Mitsotakis, referring to the nearly constant friction between the United States and Greece during the government of Socialist prime minister Andreas Papandreou, said, "We went through a period during which relations were not what they should have been." He added that he wanted to "normalize fully" relations between the two countries.

Mitsotakis, in an interview, said the highest priority on his foreign policy agenda was to persuade President Bush to put pressure on the Turkish government to make new concessions to end the 16-year-old division of the island of Cyprus. Mitsotakis suggested that Washington's influence could persuade Turkey to cut its occupation forces in half on the Mediterranean island as "an indication of goodwill."
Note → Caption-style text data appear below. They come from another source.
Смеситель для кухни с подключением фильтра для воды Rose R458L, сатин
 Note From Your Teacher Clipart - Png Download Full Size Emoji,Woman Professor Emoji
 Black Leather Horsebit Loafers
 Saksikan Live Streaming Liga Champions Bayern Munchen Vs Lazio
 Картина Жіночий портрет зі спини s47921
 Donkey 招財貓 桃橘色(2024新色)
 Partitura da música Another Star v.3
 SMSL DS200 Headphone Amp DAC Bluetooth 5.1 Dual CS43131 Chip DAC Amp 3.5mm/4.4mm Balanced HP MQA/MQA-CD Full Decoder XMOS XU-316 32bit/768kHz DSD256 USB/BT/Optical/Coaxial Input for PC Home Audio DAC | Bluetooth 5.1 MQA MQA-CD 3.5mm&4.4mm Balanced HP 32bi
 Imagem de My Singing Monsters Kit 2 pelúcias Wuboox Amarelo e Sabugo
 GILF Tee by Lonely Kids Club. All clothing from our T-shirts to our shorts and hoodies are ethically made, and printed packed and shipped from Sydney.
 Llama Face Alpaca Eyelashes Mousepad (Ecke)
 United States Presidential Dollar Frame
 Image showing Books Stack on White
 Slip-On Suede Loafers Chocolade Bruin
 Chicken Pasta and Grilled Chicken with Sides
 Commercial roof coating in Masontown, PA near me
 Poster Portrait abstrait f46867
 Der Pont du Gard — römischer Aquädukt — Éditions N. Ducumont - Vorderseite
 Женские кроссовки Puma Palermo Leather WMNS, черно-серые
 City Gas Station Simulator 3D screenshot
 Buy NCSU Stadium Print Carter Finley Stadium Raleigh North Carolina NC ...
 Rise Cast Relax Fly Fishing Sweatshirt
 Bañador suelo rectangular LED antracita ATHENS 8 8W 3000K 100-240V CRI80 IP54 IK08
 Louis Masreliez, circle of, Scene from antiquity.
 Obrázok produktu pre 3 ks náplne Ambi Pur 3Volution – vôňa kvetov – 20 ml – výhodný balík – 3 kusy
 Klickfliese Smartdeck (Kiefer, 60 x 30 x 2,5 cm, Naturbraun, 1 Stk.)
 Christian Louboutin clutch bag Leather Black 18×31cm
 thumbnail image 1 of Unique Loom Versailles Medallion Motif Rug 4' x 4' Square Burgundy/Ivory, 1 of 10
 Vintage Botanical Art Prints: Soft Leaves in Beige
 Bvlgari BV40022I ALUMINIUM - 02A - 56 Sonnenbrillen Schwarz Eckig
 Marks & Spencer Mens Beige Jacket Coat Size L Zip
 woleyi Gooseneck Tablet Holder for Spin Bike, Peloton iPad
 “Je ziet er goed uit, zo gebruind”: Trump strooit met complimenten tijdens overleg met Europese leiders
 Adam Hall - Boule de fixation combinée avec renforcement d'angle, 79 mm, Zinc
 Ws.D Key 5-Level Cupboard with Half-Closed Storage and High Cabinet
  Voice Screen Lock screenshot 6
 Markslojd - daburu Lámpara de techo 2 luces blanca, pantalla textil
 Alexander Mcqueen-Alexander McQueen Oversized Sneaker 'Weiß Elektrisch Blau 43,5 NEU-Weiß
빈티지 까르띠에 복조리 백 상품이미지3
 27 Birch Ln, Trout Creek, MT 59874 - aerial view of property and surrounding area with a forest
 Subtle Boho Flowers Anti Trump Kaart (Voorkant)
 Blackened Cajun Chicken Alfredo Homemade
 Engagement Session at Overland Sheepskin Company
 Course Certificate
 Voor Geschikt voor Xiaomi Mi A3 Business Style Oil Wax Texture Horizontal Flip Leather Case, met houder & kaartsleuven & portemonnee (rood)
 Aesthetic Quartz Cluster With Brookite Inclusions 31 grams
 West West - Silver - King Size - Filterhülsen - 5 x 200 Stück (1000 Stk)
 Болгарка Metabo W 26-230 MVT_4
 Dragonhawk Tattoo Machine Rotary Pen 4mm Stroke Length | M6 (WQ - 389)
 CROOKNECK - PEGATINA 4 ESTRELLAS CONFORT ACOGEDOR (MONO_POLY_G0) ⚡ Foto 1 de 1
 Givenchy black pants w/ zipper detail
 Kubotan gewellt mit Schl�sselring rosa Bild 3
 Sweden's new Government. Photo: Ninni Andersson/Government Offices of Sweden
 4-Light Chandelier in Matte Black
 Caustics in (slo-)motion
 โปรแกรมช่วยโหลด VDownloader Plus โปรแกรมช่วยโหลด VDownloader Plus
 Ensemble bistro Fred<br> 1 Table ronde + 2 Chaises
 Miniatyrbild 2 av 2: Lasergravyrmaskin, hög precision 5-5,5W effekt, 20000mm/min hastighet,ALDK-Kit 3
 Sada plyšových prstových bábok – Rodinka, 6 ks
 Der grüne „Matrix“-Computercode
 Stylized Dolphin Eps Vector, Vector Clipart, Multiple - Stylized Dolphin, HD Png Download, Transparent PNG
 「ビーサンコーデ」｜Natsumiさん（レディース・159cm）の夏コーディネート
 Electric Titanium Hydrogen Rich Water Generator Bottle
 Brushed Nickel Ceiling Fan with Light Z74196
Speaking through an interpreter, the 71-year-old conservative said his government also would reopen negotiations with General Dynamics Corp. on the controversial sale of 40 F-16 fighters concluded under his predecessor, Papandreou. He said Athens also would review a contract to buy a similar number of French Mirage fighters from Dassault.

Mitsotakis, who is preparing for his first NATO summit meeting in London next month, said, "I believe the unification of Germany will prove beneficial for European unity." Mitsotakis, a prisoner of the Germans during World War II, said he understood Soviet security concerns about a united Germany but added, "I believe in the good faith of the Germany of today."

Papandreou's government often inflamed anti-American rhetoric in Greece and political opposition to continuing to allow four U.S. military bases on Greek soil. Mitsotakis said his decision last week to initial an eight-year agreement for two bases had "not met with serious negative response in Greek public opinion."

The agreement calls for the closing of two installations near Athens that had aroused anti-American sentiment over the years. The principal remaining installations are on the southern island of Crete.

Mitsotakis said that for his country, which receives about $350 million a year in military assistance from the United States, the "main problem . . . is the balance of power with Turkey in the Aegean," so the bases "are useful to us because they are linked" to U.S. security assistance.

Mitsotakis blamed Turkey for the longstanding stalemate over the future of Cyprus, partitioned after a 1974 invasion by Turkey. He said Turkey was "indifferent" to the negotiations.

"The United States cannot remain neutral in this," he said, adding that he would ask Bush today for help. "My impression is that if the U.S. upgrades the Cyprus issue" and makes it a priority, "then Turkey would not remain indifferent."